## [Description of the task]
Given the entries below, would you transcribe exactly the lines starting at the one with "Donau – Blick vom Steg" and ending at the one with "Ravalement façade enduit", both kept, pictures omitted, nothing extra?

## [Records for processing]
* * * * * * * * *
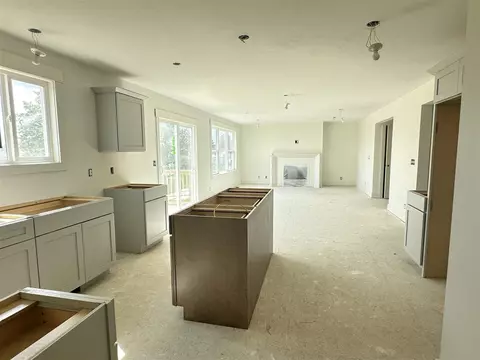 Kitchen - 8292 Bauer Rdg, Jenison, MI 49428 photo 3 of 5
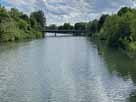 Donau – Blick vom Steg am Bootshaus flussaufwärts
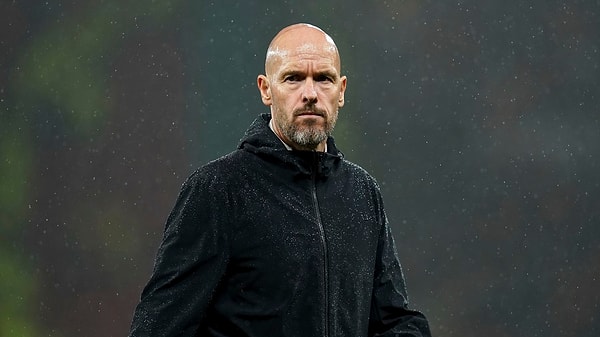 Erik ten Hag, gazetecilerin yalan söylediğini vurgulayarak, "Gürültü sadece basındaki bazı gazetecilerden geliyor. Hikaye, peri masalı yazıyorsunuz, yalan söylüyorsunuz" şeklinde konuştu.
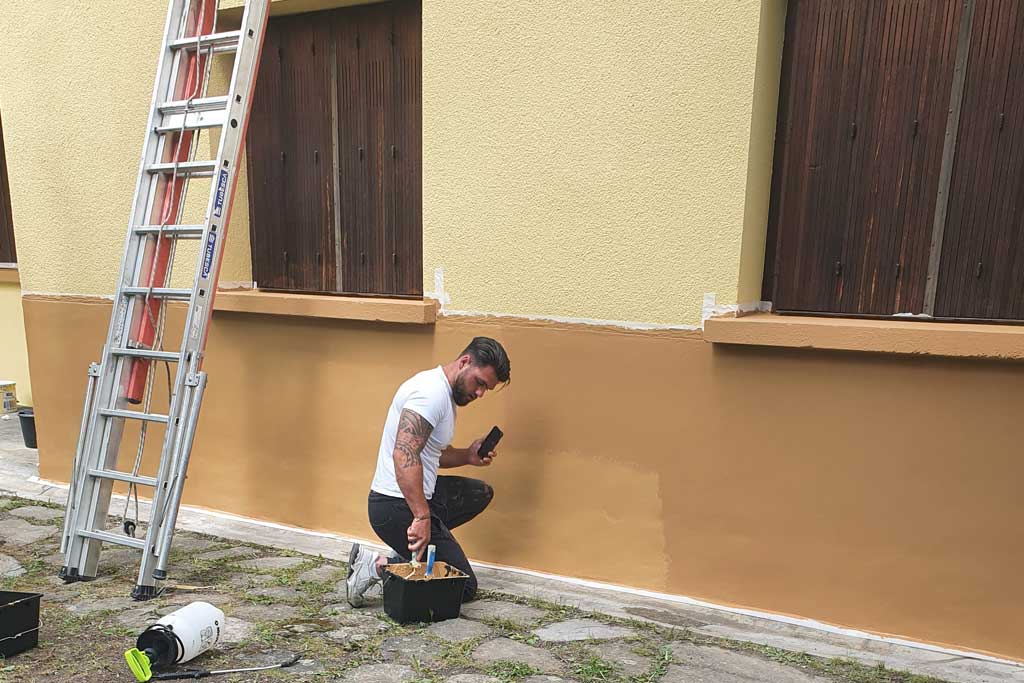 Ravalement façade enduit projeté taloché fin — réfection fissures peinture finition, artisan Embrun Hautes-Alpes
* * * * * * * * *
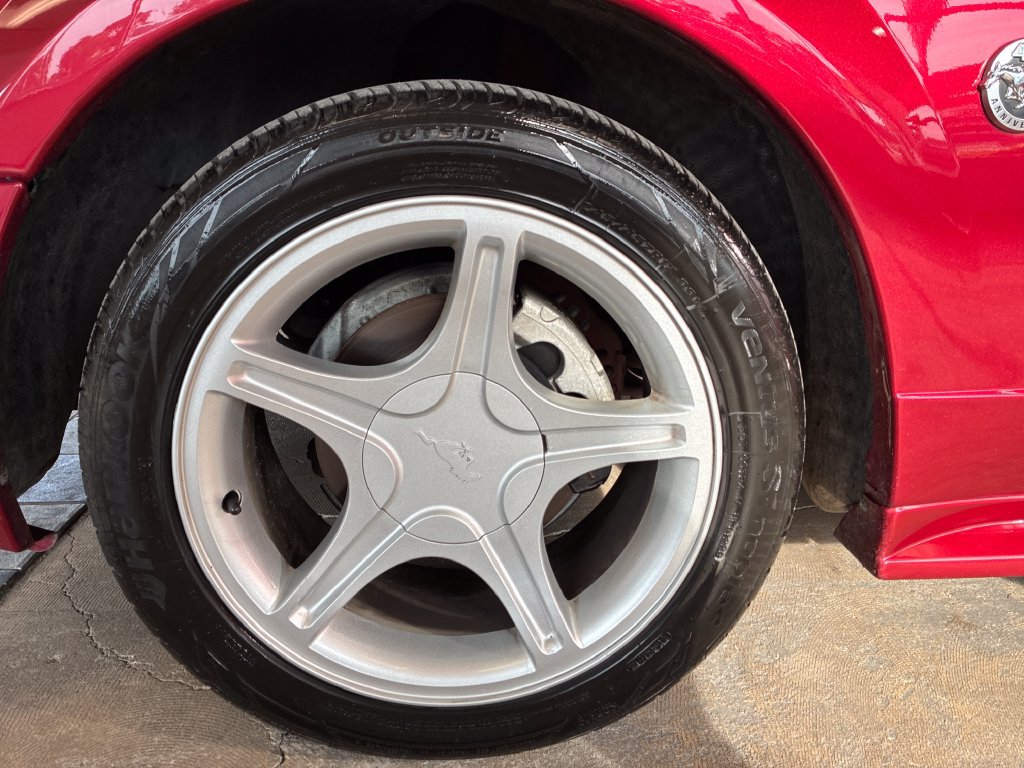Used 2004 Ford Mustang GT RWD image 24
* * * * * * * * *
## [Output]
 Donau – Blick vom Steg am Bootshaus flussaufwärts
 Erik ten Hag, gazetecilerin yalan söylediğini vurgulayarak, "Gürültü sadece basındaki bazı gazetecilerden geliyor. Hikaye, peri masalı yazıyorsunuz, yalan söylüyorsunuz" şeklinde konuştu.
 Ravalement façade enduit projeté taloché fin — réfection fissures peinture finition, artisan Embrun Hautes-Alpes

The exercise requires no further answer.